▸ **WHAT NEEDS TO BE DONE**
Go through the entries below and copy each line that holds the word "Shirt".

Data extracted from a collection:

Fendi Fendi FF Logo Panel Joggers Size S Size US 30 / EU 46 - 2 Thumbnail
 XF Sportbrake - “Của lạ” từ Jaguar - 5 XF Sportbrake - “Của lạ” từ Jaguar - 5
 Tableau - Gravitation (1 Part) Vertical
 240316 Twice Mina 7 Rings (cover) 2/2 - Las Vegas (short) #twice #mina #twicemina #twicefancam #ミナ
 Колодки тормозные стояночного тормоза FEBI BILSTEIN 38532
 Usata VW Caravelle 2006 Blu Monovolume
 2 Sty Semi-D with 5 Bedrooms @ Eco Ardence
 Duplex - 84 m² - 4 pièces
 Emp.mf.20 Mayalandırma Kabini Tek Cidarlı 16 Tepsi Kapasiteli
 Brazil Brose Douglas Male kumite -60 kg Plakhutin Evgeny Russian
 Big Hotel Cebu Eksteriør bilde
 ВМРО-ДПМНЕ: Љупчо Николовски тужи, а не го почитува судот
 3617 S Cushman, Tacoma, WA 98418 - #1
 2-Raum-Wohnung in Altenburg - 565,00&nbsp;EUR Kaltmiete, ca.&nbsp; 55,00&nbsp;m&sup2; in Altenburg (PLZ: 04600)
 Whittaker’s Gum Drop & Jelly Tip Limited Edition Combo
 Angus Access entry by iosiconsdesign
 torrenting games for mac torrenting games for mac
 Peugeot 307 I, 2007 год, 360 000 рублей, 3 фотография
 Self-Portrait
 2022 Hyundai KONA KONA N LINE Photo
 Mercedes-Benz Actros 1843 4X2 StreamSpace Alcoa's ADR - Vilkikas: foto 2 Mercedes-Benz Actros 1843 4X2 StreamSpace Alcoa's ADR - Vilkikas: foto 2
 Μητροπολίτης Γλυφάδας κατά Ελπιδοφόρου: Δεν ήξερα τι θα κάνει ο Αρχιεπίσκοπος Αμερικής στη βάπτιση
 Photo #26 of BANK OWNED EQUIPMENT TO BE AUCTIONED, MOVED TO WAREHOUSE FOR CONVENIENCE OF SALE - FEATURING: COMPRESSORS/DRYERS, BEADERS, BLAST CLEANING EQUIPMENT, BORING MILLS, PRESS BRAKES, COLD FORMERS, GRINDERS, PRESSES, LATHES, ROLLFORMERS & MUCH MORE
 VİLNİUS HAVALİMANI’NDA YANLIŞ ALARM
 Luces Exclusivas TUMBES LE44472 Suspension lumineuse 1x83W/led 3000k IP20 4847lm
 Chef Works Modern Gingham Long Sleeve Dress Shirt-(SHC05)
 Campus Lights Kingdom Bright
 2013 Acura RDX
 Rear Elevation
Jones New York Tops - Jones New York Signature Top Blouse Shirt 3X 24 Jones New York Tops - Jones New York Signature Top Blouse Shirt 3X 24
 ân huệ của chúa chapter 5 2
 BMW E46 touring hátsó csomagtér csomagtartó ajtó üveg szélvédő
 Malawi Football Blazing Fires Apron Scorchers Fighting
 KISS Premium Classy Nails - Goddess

▸ **SOLUTION FOR THIS TASK**
 Chef Works Modern Gingham Long Sleeve Dress Shirt-(SHC05)
Jones New York Tops - Jones New York Signature Top Blouse Shirt 3X 24 Jones New York Tops - Jones New York Signature Top Blouse Shirt 3X 24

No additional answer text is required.